▶ [INFORMATION SUPPLIED]
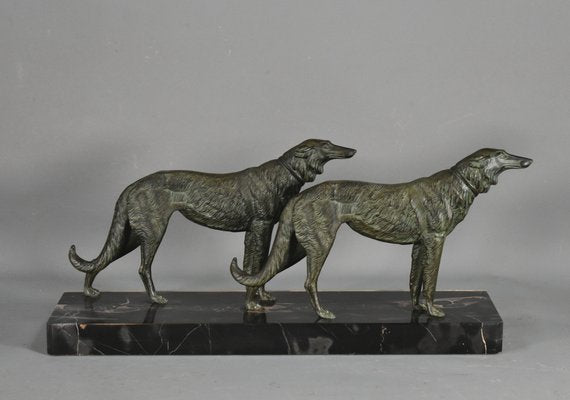 Large French Art Deco Borzoi Dogs Sculpture-CTD-1066781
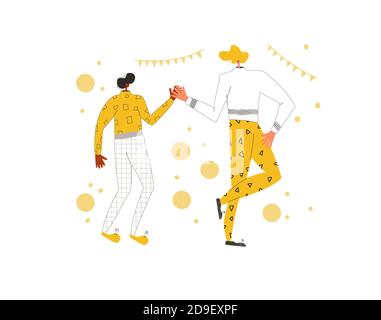 Holiday event. Two characters wearing in casual clothes dancing isolated on a white background. Friends dance and joy together. Persons jumping and ha Stock Vector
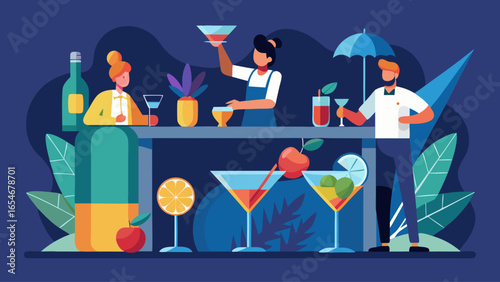 A group of people are standing around a bar with drinks and umbrellas. Scene is lively and social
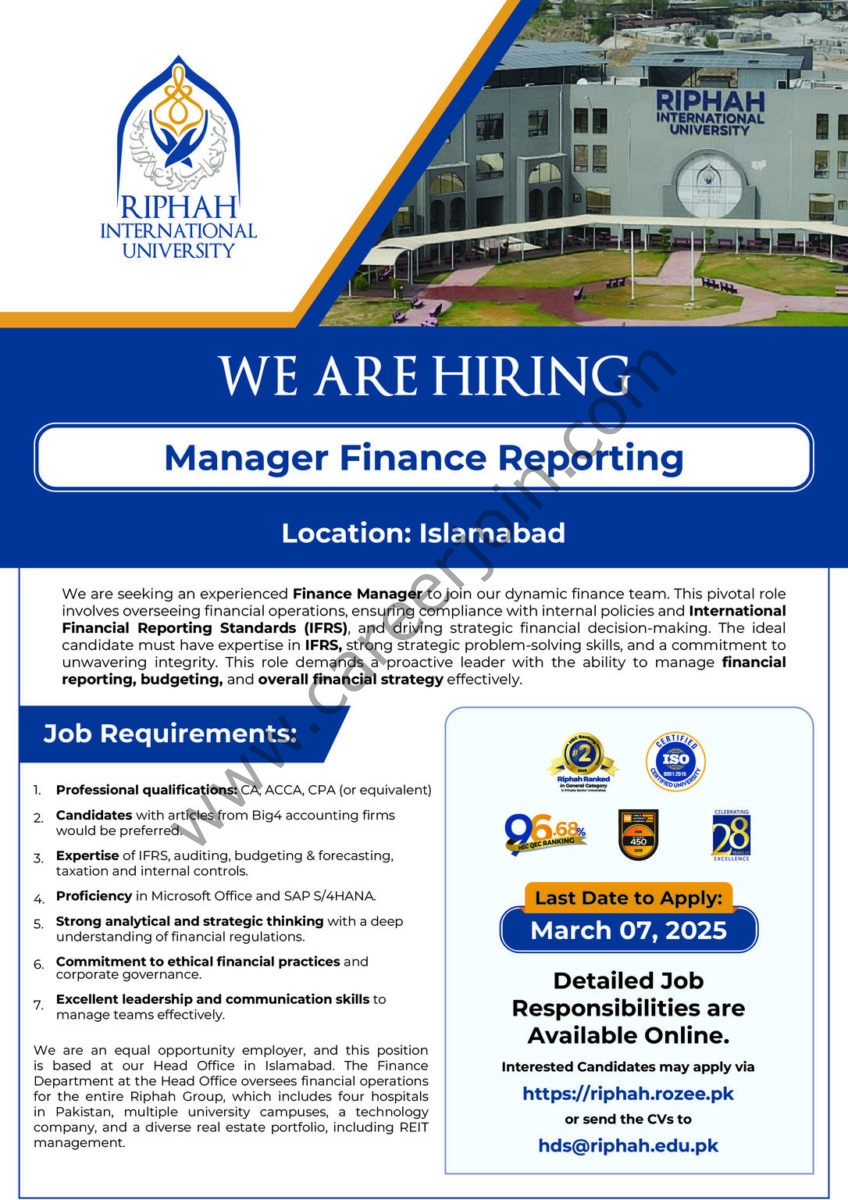 Riphah Group Jobs Manager Finance Reporting 1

▶ [INSTRUCTIONS TO FOLLOW]
Your output should be only the lines from the line with "Holiday event. Two" through the end of the data, exactly as they stand, and no pictures.

▶ [RESPONSE]
 Holiday event. Two characters wearing in casual clothes dancing isolated on a white background. Friends dance and joy together. Persons jumping and ha Stock Vector
 A group of people are standing around a bar with drinks and umbrellas. Scene is lively and social
 Riphah Group Jobs Manager Finance Reporting 1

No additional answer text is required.